It is noticeable that the amplitude of $u_{f p 1}$ is greater than $u_{f p 0}$ when the short-circuit fault occurs with high resistance. Besides, according to [

8], the zero-mode set propagates low- and high-frequency parts of the signal attenuated much more severely compared with the line-mode component.

III. Design of SVM-based Fault Detection Scheme

A. Fault Area Identification

Based on the analysis in Section II, the high-frequency components in the line-mode set of the positive voltage $u_{f p 1}$ are suitable for the internal and external fault identifications. Here, DWT, which offers excellent time-frequency localization characteristics, is adopted to extract high-frequency components from signals.

Consider a given discretized measured signal x[n]. Its DWT is given as:

D W T (m, n) = \frac{1}{\sqrt[]{a_{0}^{m}}} \sum_{k} x (k) ψ (\frac{k - n b_{0} a_{0}^{m}}{a_{0}^{m}})

(11)

where $ψ (t)$ is the mother wavelet function. The scale and translation parameters, i.e., a and b in the continuous wavelet transform, are discretized as $a_{0}^{m}$ and $n b_{0} a_{0}^{m}$ , respectively. Here, $a_{0} > 1$ and $b_{0} \neq 1$ are the scale and translation steps, respectively; and m and n are the integers to guarantee the change of $ψ (t)$ in scale and translation, respectively.

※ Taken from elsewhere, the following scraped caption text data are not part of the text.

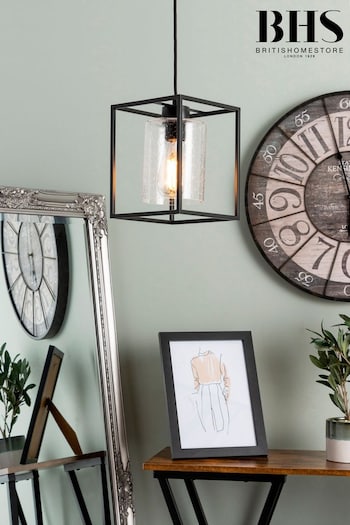 BHS Black Hardy 1 Light Cage Ceiling Light Pendant with Bubble Glass (M67445) | £60
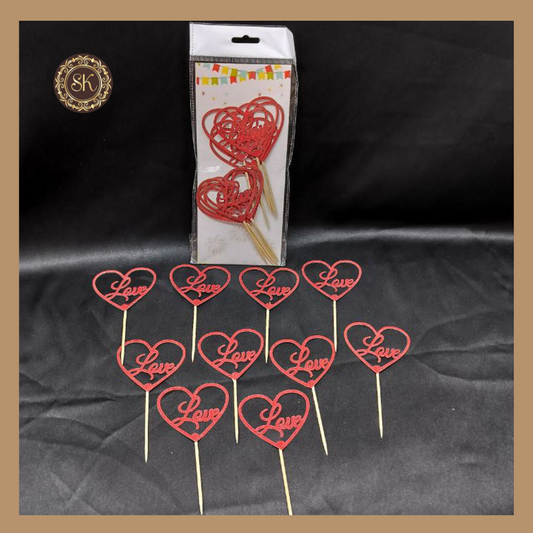 Glitter Toothpick Toppers | Heart | Love | Cake Toppers | Paper Cake Topper | Cake Toppers | Pack of 10 Pieces - Red Colour Sweetkraft | Baking supplies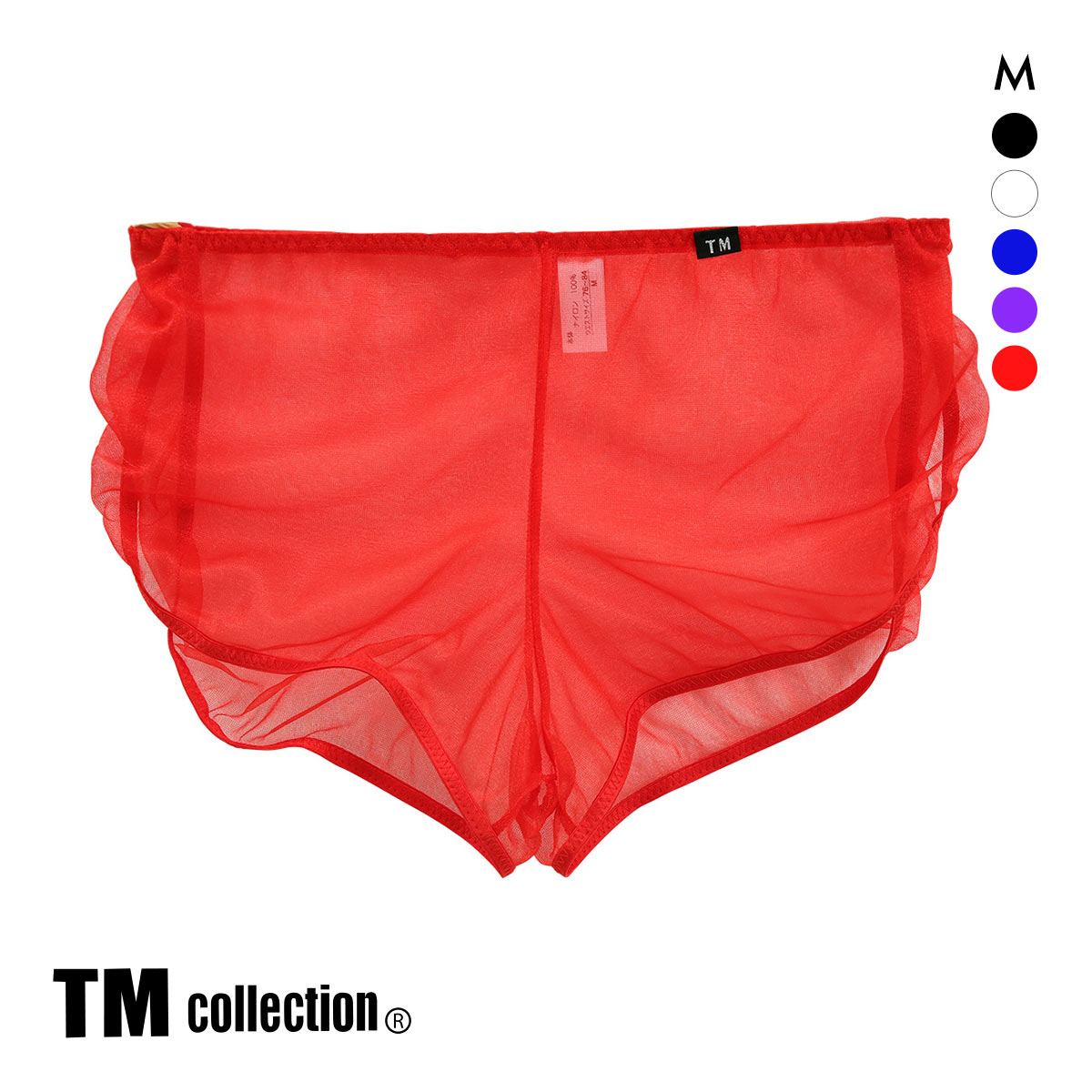 ティーエム コレクション Sparkhalf ランニング ボクサー ML 透け メンズ 前閉じ TM collection(RE-レッド-M)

As a typical DWT algorithm, multiresolution analysis (MRA) is able to decompose a signal into a set of frequency bands and is adopted in this paper. Figure 6 demonstrates a three-level decomposition of a signal according to MRA.

Fig. 6 Three-level decomposition of a signal according to MRA.

After passing through the high-pass filter g[n] and low-pass filter $h [n]$ , the original signal $x [n]$ that is sampled at a frequency of $f_{s}$ is decomposed into a detail information d₁ and a coarse approximation a₁, which are associated with the high-frequency $(f_{s} / 2 - f_{s})$ and low-frequency $(0 - f_{s} / 2)$ parts of the signal, respectively. a₁ is further passed through the same high-pass and low-pass filters, which generate the second-level DWT detail coefficient $d_{2} (f_{s} / 4 - f_{s} / 2)$ , and approximate coefficient a₂( $0 - f_{s} / 4$ ), respectively. Then, a₂ can be decomposed repeatedly in a similar manner. The generated detail and approximate coefficients at the j^th level are as follows:

\{\begin{array}{l} d_{j} [n] = \sum_{k} h [k - 2 n] a_{j - 1} [k] \\ a_{j} [n] = \sum_{k} l [k - 2 n] a_{j - 1} [k] \end{array}

(12)

The modulus maximum values generated by the wavelet transform correspond to the mutation points of the original signal. To be specific, the magnitude indicates the strength of the signal mutation, and the polarity indicates the mutation direction [

28]. In this paper, the Daubechies-3 (db3) wavelet is selected as the mother wavelet function, given that it is a compactly supported orthogonal wavelet basis with a small vanishing moment and low computation complexity [29].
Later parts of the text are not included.